Trunk reiteration promotes epiphytes and water storage in an old-growth redwood forest canopy

Sequoia sempervirens (redwood) is a long-lived, shade-tolerant tree capable of regeneration without disturbances and thus often present in all sizes within a single forest. In order to evaluate functional linkages among structures, plant distribution, and biodiversity in the canopy, we quantified all vascular plants from ground level to the treetops in an old-growth redwood forest (Prairie Creek Redwoods State Park, California, USA). This involved mapping terrestrial and epiphytic trees, shrubs, and ferns as well as climbing 27 trees up to 10 1 in tall within a 1-ha plot. We monitored canopy microclimates using sensor arrays that collected hourly data for up to 30 months. The plot held 4283 Mg/ha of aboveground dry mass in living plants, 95.4% of which was contributed by redwood. A high degree of structural complexity and individuality was evident in the crowns of the 14 largest trees in the form of reiterated trunks arising from main trunks, other trunks, and limbs. Thirteen species of vascular plants occurred as epiphytes in the plot, and all but one of these were restricted to the 14 largest trees. The evergreen shrub Vaccinium ovatum had the highest biomass of any epiphyte (212 kg/ha) followed by the evergreen fern Polypodium scouleri (196 kg/ha).
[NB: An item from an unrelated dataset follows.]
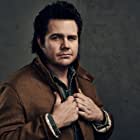 Josh McDermitt به عنوان Director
The spatial aggregation of reiterated trunks was highly coincident with epiphyte masses, explaining 92% of the variation in fern and 75% of the variation in woody plant distribution along the vertical gradient. In addition to epiphyte biomass, there were 2366 kg/ha of soil in the canopy. Soils in crotches held 2-4 times as much water as soils on branches or limbs, and deeper layers held more water than shallower layers. During two years of monitoring, the volume of water stored in dead wood and soils in the canopy fluctuated between 24.7 m(3) and 53.4 m(3)/ha. The vast majority of the plot's structure and arboreal habitats was held in the crowns of the 14 largest trees. Reiterated trunks and limbs on a small number of trees have important ecological functions in old-growth redwood forests, and it may be feasible to accelerate the development of structural complexity and biodiversity in maturing redwood stands.